Hyperpronation: The loss of arch height that occurs with excessive pronation allows the pelvis to drop to the more pronated side during stance and gait.5 The resulting lateral pelvic tilt lowers the sacral base and drops the lowest freely moveable vertebra to the side of the shorter leg. A lateral spinal curvature develops in the lumbar spine due to lack of balanced support from the lower extremities with every step. In response, various compensatory pelvic lists and sacroiliac subluxation complexes develop.6

Researchers have also verified that a posterior rotation of the innominate bone often develops on the side of a longer leg.7 If the functional curvature progresses to involve the thoracic region, there may be a mild rib hump that disappears upon correction of the leg discrepancy.8

Corrective Procedures

Lower extremity support: Functional scoliosis with leg-length discrepancy due to a low medial arch and excessive pronation is easily treated with the use of custom-made stabilizing orthotics to reduce pronation. This provides substantial correction for most short legs and often avoids the need for a heel lift. Some patients will need a permanent heel lift due to an anatomical difference in leg growth.

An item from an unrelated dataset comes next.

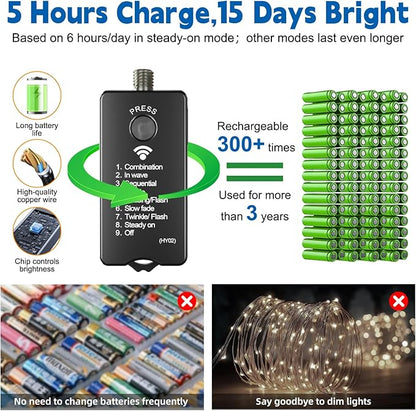 HXWEIYE Rechargeable Fairy Lights with Remote, 2 Pack 33ft 100LED Twinkle Lights with DIY Timer & Light Sensor, Waterproof Outdoor String Lights for Bedroom Patio Christmas Tree Decor, Blue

Muscle imbalances: Functional scoliosis often causes chronic muscular strain, most commonly seen as myofascial trigger points in the quadratus lumborum, but also in the psoas and external abdominal oblique muscles.9 Therefore, manual muscle treatments, stretching and even spinal-strengthening exercises may be necessary to obtain rapid, complete resolution of symptoms. These muscle imbalances can become perpetuating factors if the underlying foot and leg asymmetries are not corrected.

Spinal adjustments: It is very important to assess and adjust the pelvis and spine as each patient adapts to wearing the corrective orthotics. Since excessive pronation places abnormal stress in predictable areas (primarily the sacroiliac joints and lumbar vertebrae), close evaluation of these regions is warranted. Because functional scoliosis interferes with postural alignment, the entire spine must be checked and adjusted frequently during the initial adaptation period. In fact, the upper cervical region is often quite slow in adapting to the change in spinal and pelvic posture, and needs to be evaluated regularly and adjusted as needed.

Healthy Spines Require Healthy Feet

When a lateral curvature of the spine that reduces during forward bending is found, a functional scoliosis has been identified and conservative treatment is indicated. A careful postural evaluation will usually discover an asymmetry in the lower extremities, with poor support for the pelvis. The combination of custom-made orthotic stabilizer support and chiropractic adjustments is often very effective in treating these functional scolioses, much to the relief of the patient and concerned family members.


  1. Yochum TR, Rowe LJ. Essentials of Skeletal Radiology, 3rd Ed. Baltimore: Lippincott Williams & Wilkins, 2005:405.
  2. Panzer DM, Gatterman MI, Hyland J. Postural Complex. In: Gatterman MI, ed. Chiropractic Management of Spine-Related Disorders. Baltimore: Lippincott Williams & Wilkins, 2004:312.
  3. Evans RC. Illustrated Essentials in Orthopedic Physical Assessment. St. Louis: Mosby-Yearbook, 1994:219.
  4. Plaugher G. Textbook of Clinical Chiropractic: A Specific Biomechanical Approach. Baltimore: Williams & Wilkins, 1993:266.
  5. Hammer WI. Hyperpronation: causes and effects. Chiro Sports Med, 1992; 6:97-101.
  6. Rothbart BA, Estabrook L. Excessive pronation: a major biomechanical determinant in the development of chondromalacia and pelvic lists. J Manip Physiol Ther 1988; 11:373-9.
  7. Cummings G, Scholz JP, Barnes K. The effect of imposed leg length difference on pelvic bone symmetry. Spine 1993;18:368-73.
  8. Magee DJ. Orthopedic Physical Assessment. Philadelphia: WB Saunders, 1987:397.
  9. Travell JG, Simons DG. Myofascial Pain and Dysfunction: The Lower Extremities. Baltimore: Williams & Wilkins, 1992:63.